The Social Security Administration makes it clear how important this is in their publication What You Need to Know When You Get Retirement or Survivors Benefits.
“Even if you receive your benefits by direct deposit, Social Security must have your correct address so we can send letters and other important information to you. We’ll stop your benefits if we can’t contact you.”
Ouch! You don’t want that to happen.
Thankfully, it’s pretty easy and painless to get your address changed. You just have to choose which of these three approaches will work best for you.
Approach #1) Visit Your Local Social Security Office
If you’d like to see someone face to face when making the address change, your best bet will be visiting your local Social Security office. You’ll be able to verify the information was recorded properly and ask for a printout that will serve as your proof of the update.
However, you should be aware that this will not be your fastest option! The wait times can be more than an hour on busy days.
Approach #2) Call The Social Security Administration
If killing time in a waiting room is not your idea of efficiency, you may want to consider making a simple phone call. In my past experience, I’ve found that the Social Security Administration will change your address over the phone. This is easier than visiting your local office and waiting.
If you choose this route, here’s a tip. Call your local office instead of the main Social Security line.

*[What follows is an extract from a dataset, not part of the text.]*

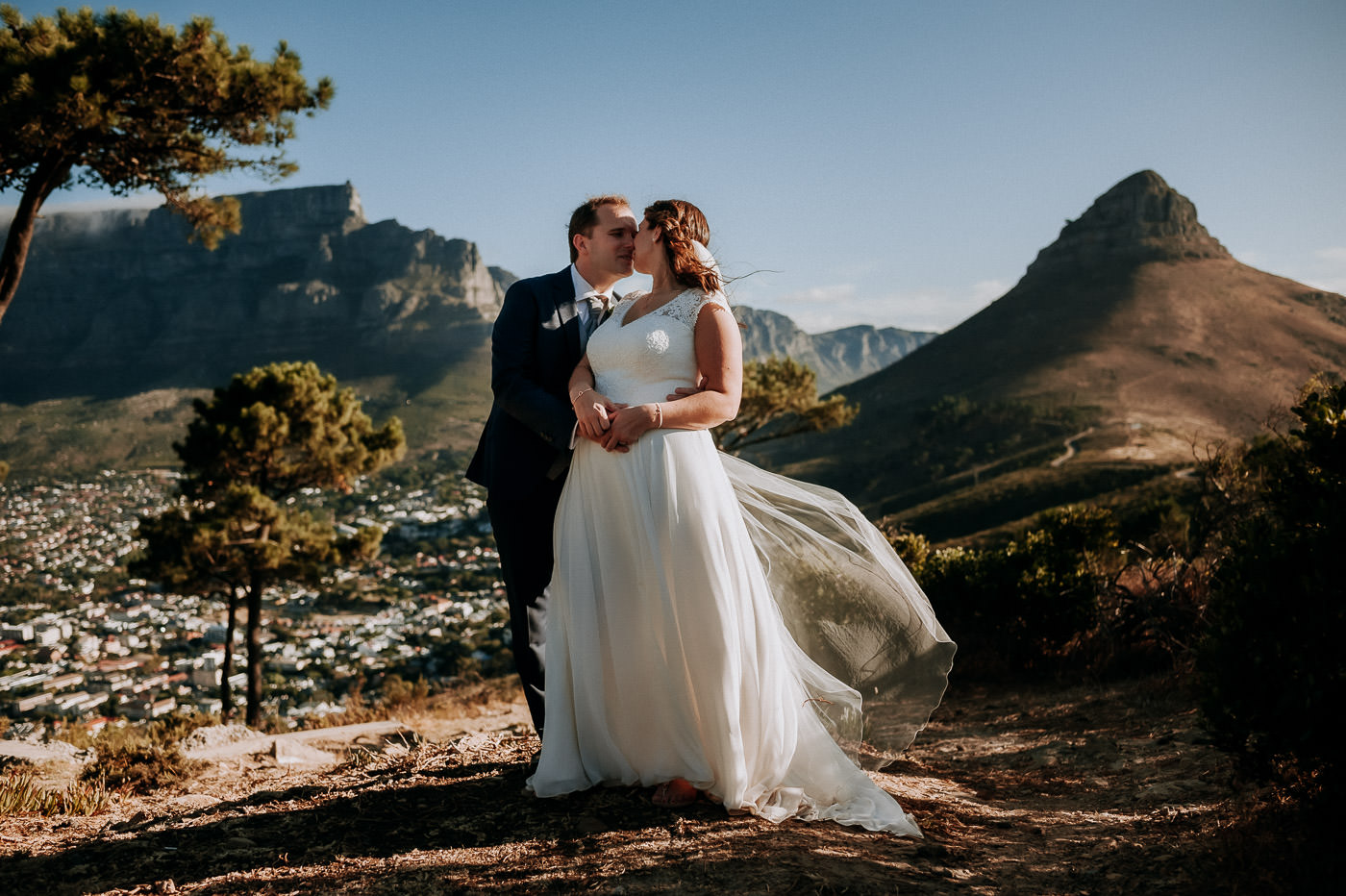 Cape Town Beach Wedding Photography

In many cases this will cut the wait times in half.
You can find their number by visiting this link: Social Security Office Locator
Approach #3) Use Your Social Security Online Account
If you have a computer, you should consider simply using my SSA to change your address. It only takes a few steps and you’ll be able to confirm the change immediately. (If you don’t have an online account with Social Security, I’ve created a step-by-step guide to setting one up HERE.)
This is by far the easiest approach. With just a few clicks you can make the address change and move on to more pressing issues.
Here’s a step-by-step guide.
If you want to see a step-by step video guide, go to the bottom of this article.
Visit www.ssa.gov/myaccount to get started.
Feel free to click the link. It will open Social Security’s website in a separate page so you can keep using this guide.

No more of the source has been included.